→ Exercise
If a picture appears among the records, leave it out and set down everything else exactly as it stands.

→ Input material

......

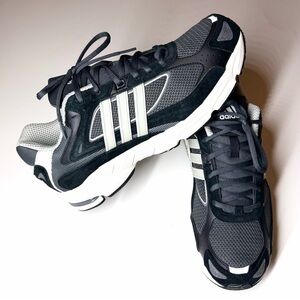 Adidas Originals Men’s Response CL sneakers in mesh and leather Size- 12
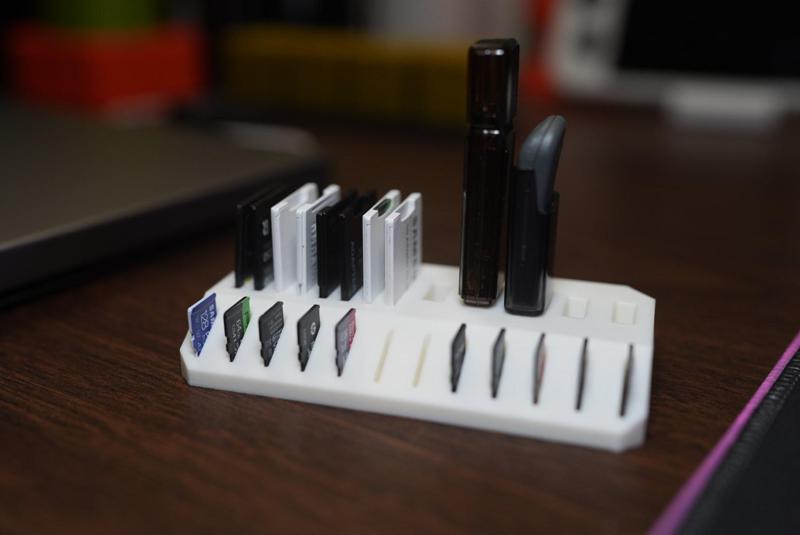 SD/Micro SD/USB Memory Station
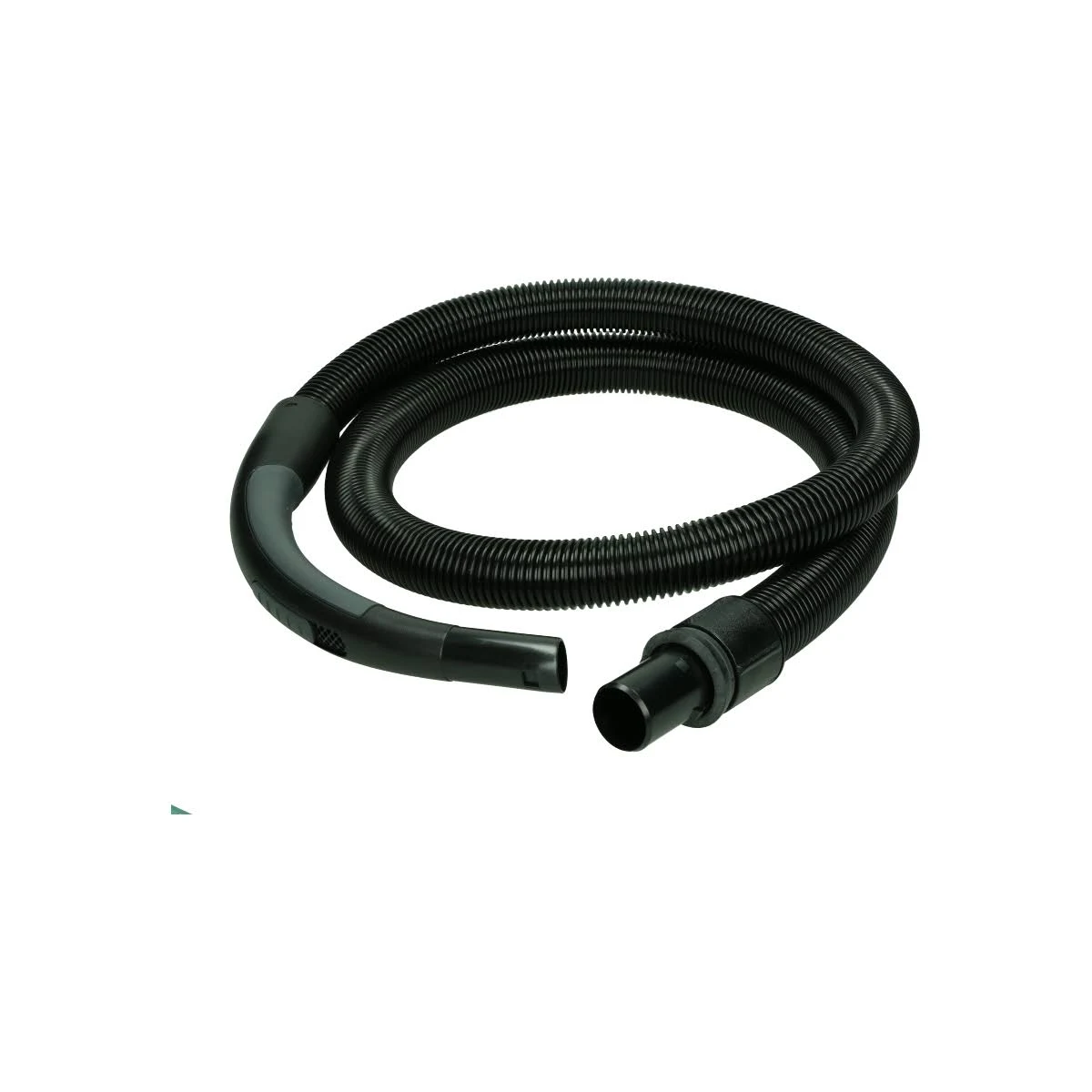 Manguera de aspiradora negra corrugada. Tiene un asa y un conector en los extremos.
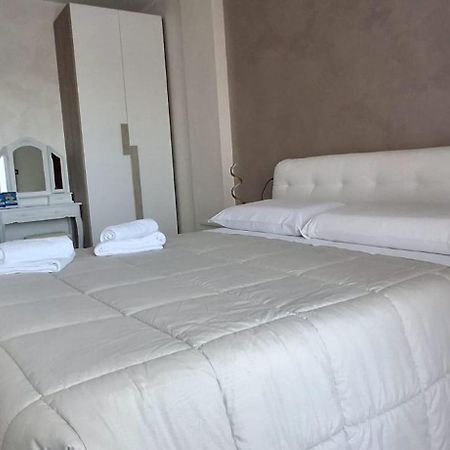 לזינה B&B La Ninfa Del Lago מראה חיצוני תמונה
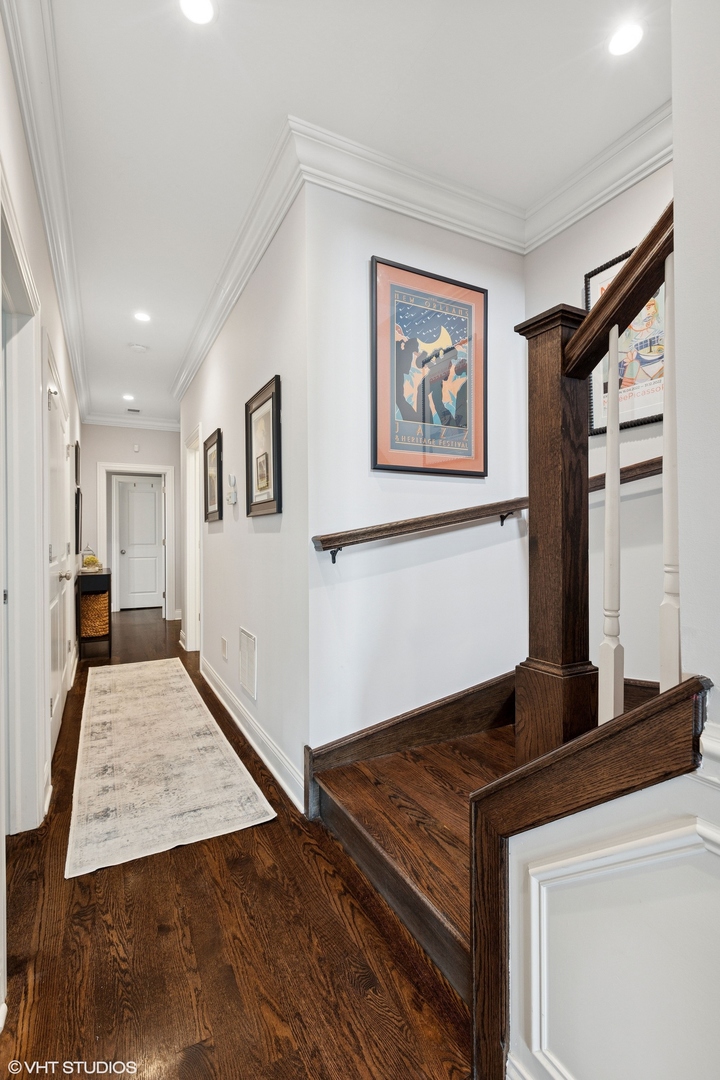 2700 N Wayne Avenue Unit: 3S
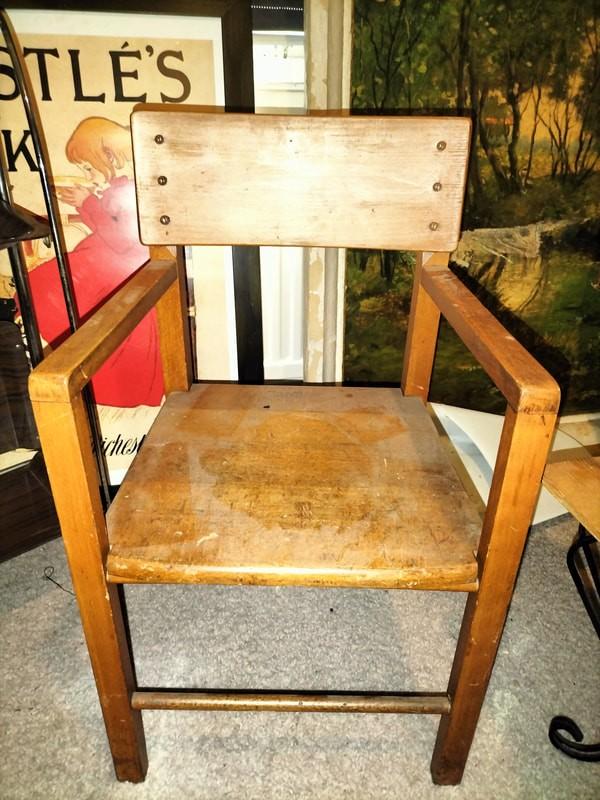 Vintage houten stoel met armleuningen, Antiek en Kunst, Antiek | Meubels | Stoelen en Banken, Ophalen of Verzenden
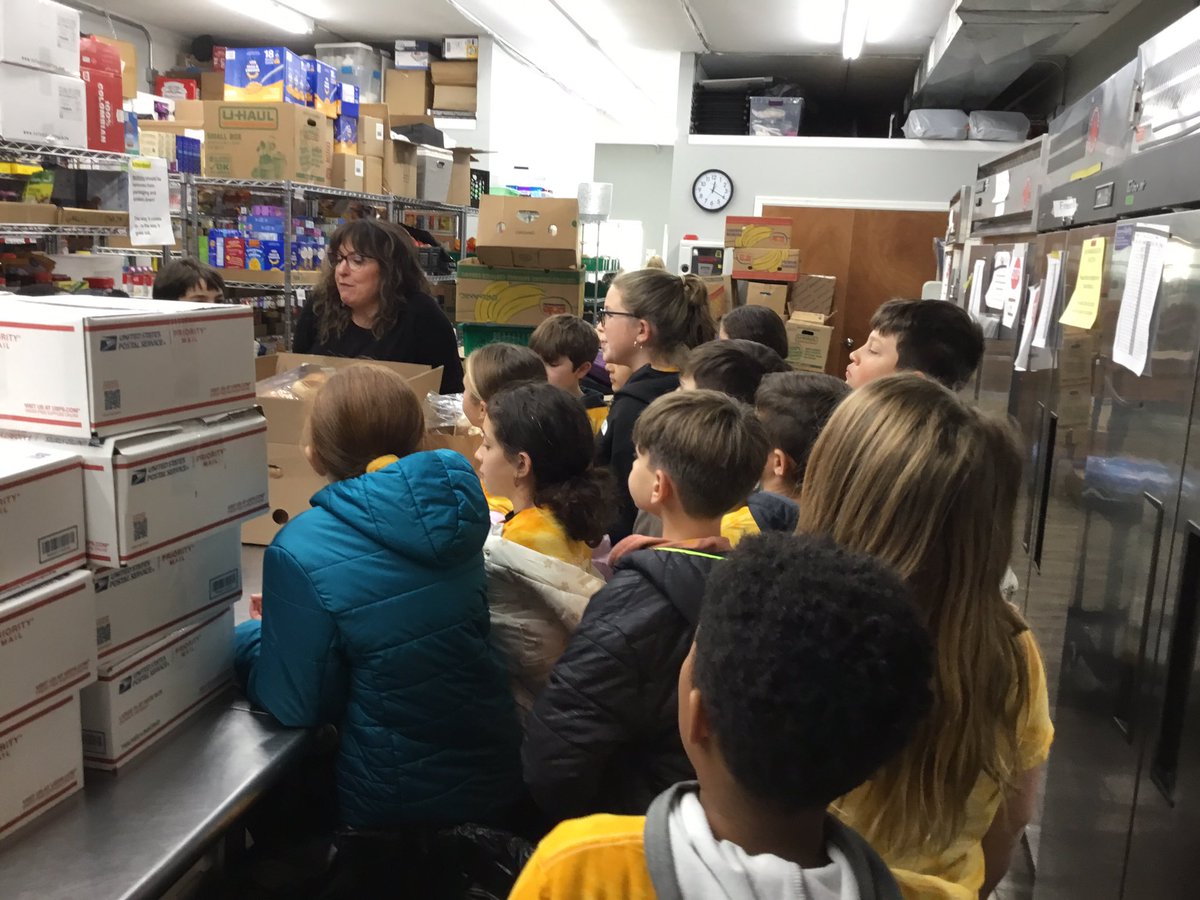 Mrs. Ayres tweet media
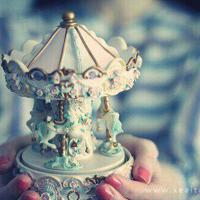 幸福隔着一道玻璃墙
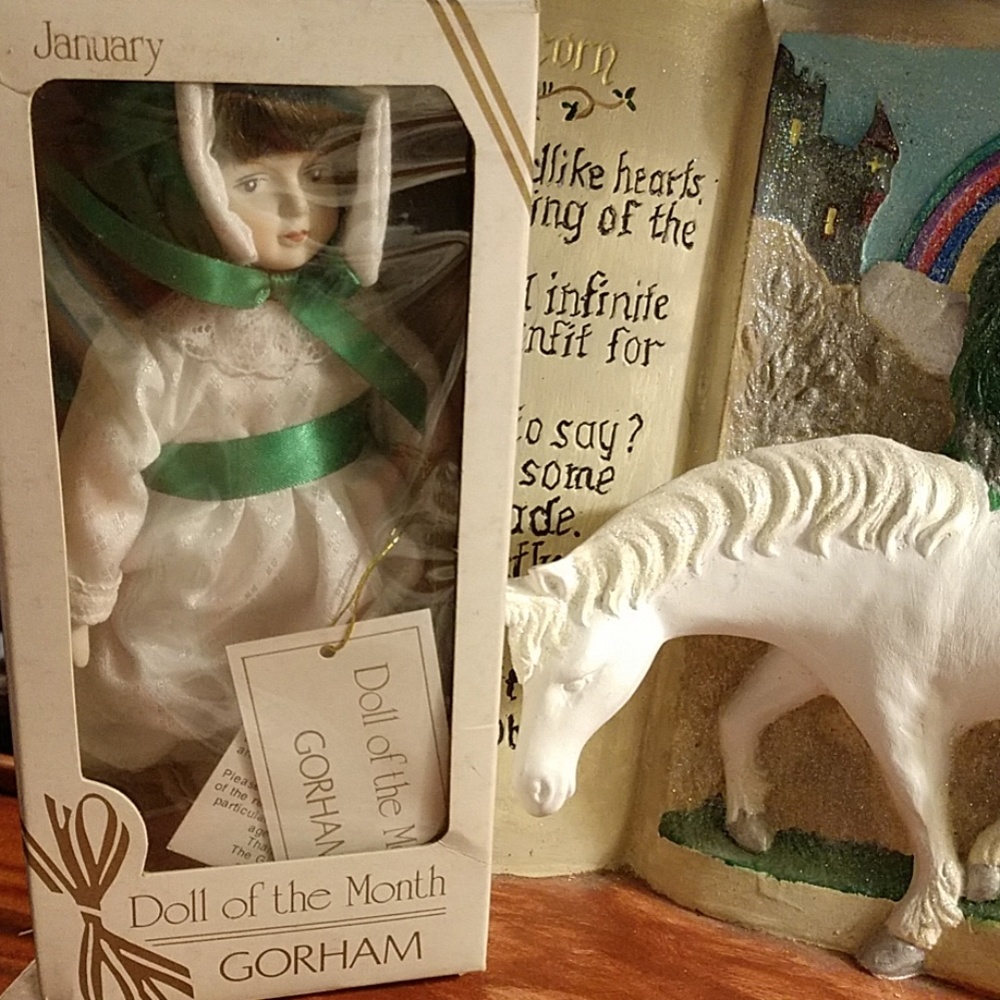 ~VINTAGE~1983 GORHAM~DOLL OF THE MONTH~JANUARY!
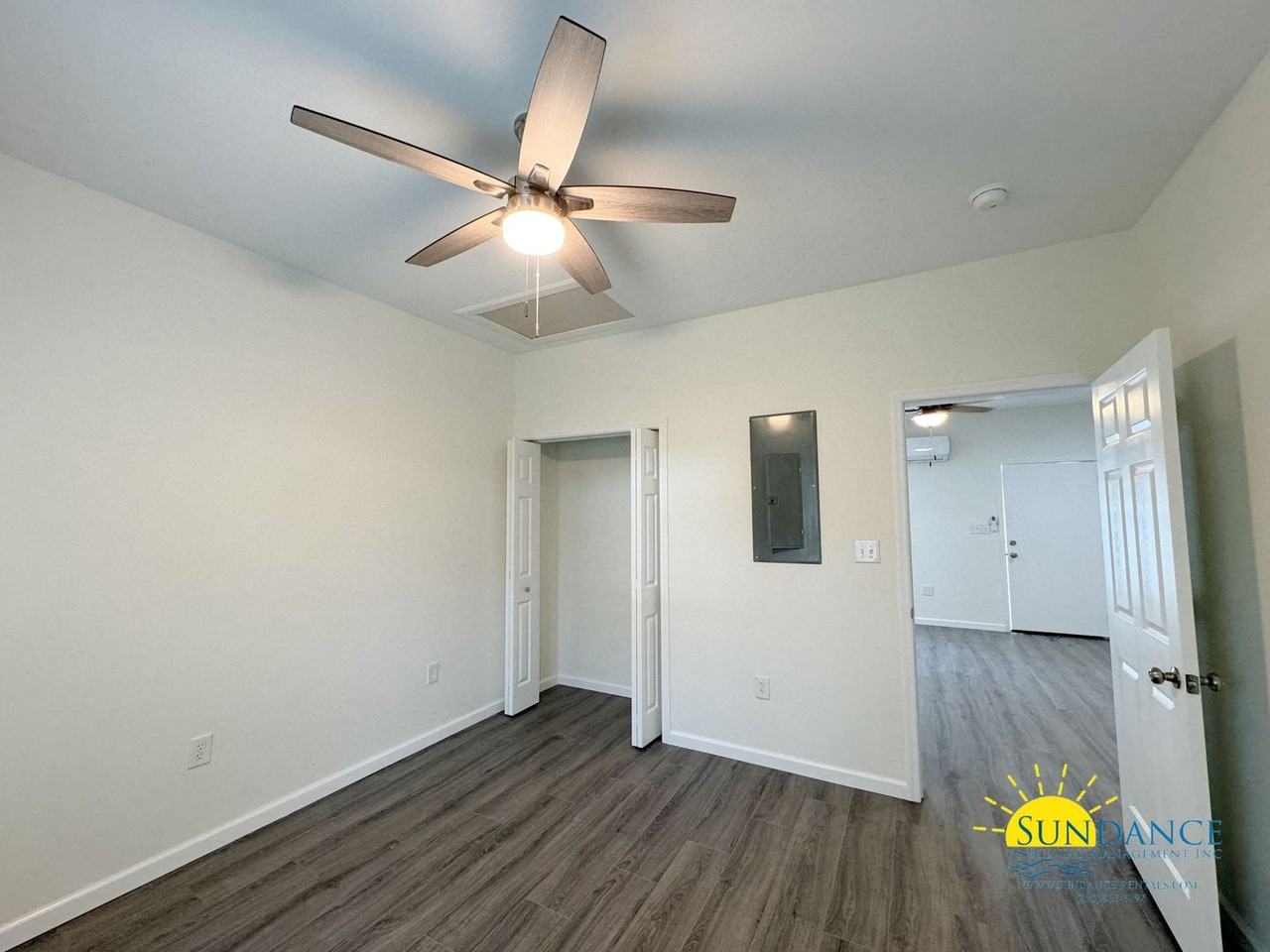 322 Lewis St #B - Photo 7 of 10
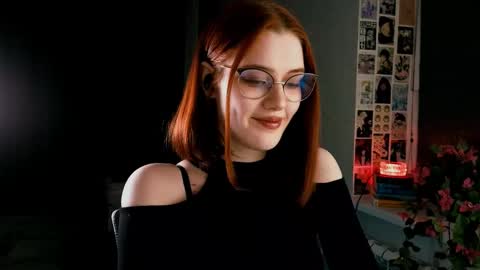 Snapshot of isabelle_stern chatting on February 22, 2025, 6:52 pm Madame Isabelle online show from February 22, 2025, 6:52 pm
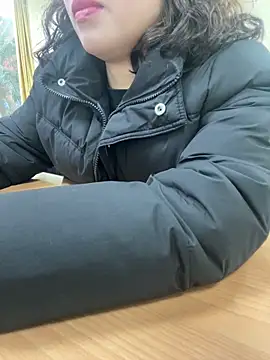 -NhaKy22 online show from 11, 2, 2026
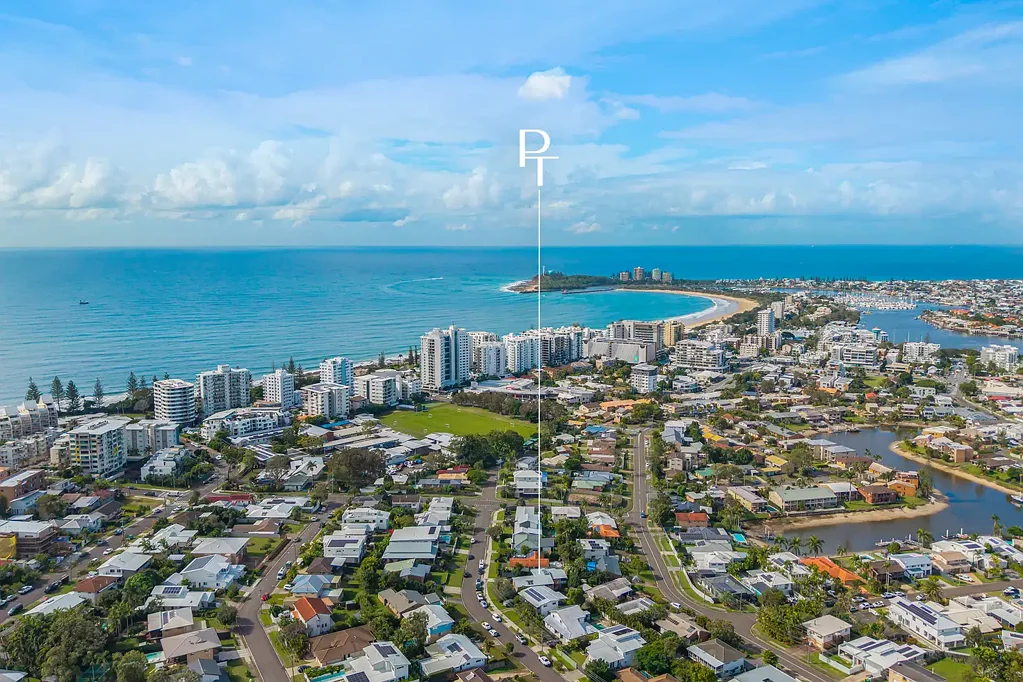Mooloolaba 5 Slaapkamer Dual Living in Prime Mooloolaba – Spacious 5 Bedroom Home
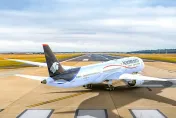 男子擅自打開逃生門爬上機翼被捕　同機77名乘客事後卻連署力挺他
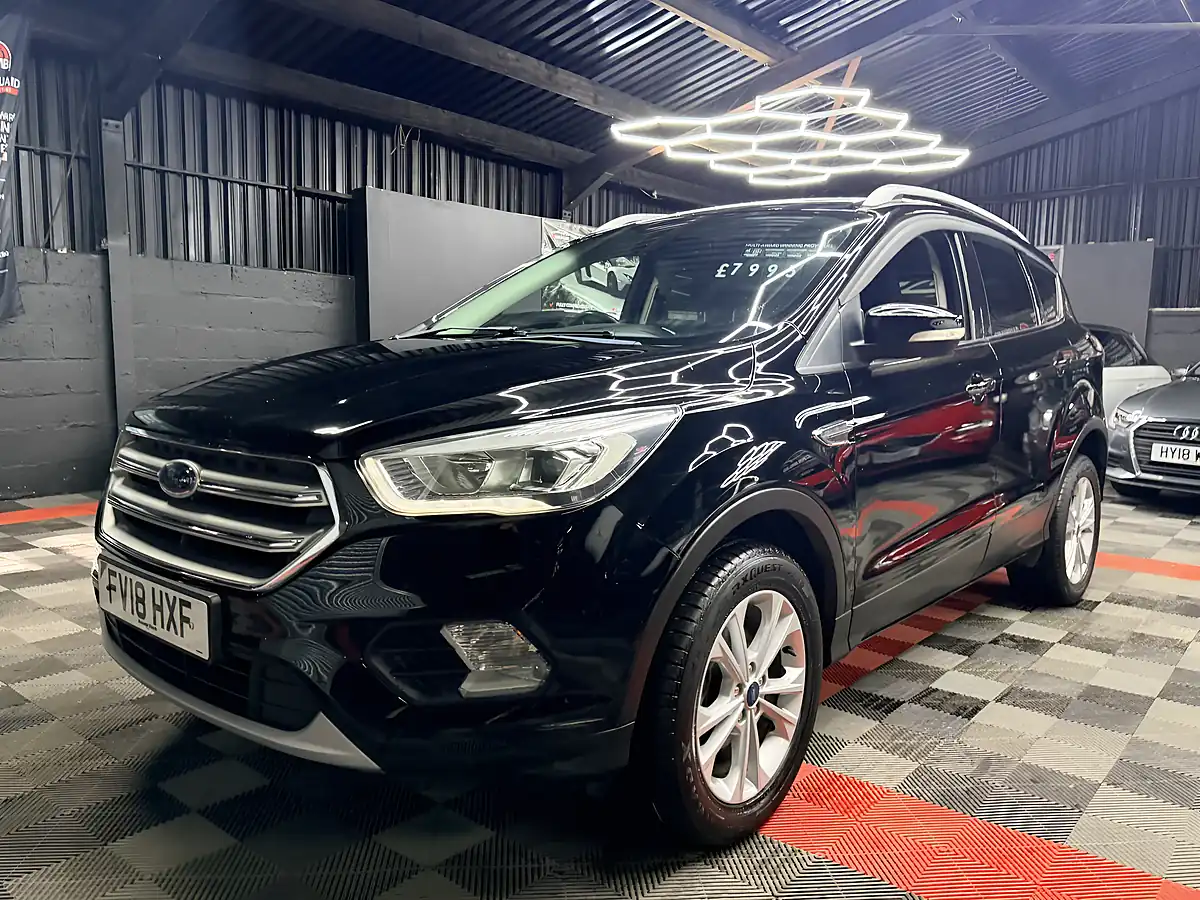 Used 2018 Ford Kuga Titanium Black - Interior and Exterior details 8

......

→ Solution to the exercise
 Adidas Originals Men’s Response CL sneakers in mesh and leather Size- 12
 SD/Micro SD/USB Memory Station
 Manguera de aspiradora negra corrugada. Tiene un asa y un conector en los extremos.
 לזינה B&B La Ninfa Del Lago מראה חיצוני תמונה
 2700 N Wayne Avenue Unit: 3S
 Vintage houten stoel met armleuningen, Antiek en Kunst, Antiek | Meubels | Stoelen en Banken, Ophalen of Verzenden
 Mrs. Ayres tweet media
 幸福隔着一道玻璃墙
 ~VINTAGE~1983 GORHAM~DOLL OF THE MONTH~JANUARY!
 322 Lewis St #B - Photo 7 of 10
 Snapshot of isabelle_stern chatting on February 22, 2025, 6:52 pm Madame Isabelle online show from February 22, 2025, 6:52 pm
 -NhaKy22 online show from 11, 2, 2026
Mooloolaba 5 Slaapkamer Dual Living in Prime Mooloolaba – Spacious 5 Bedroom Home
 男子擅自打開逃生門爬上機翼被捕　同機77名乘客事後卻連署力挺他
 Used 2018 Ford Kuga Titanium Black - Interior and Exterior details 8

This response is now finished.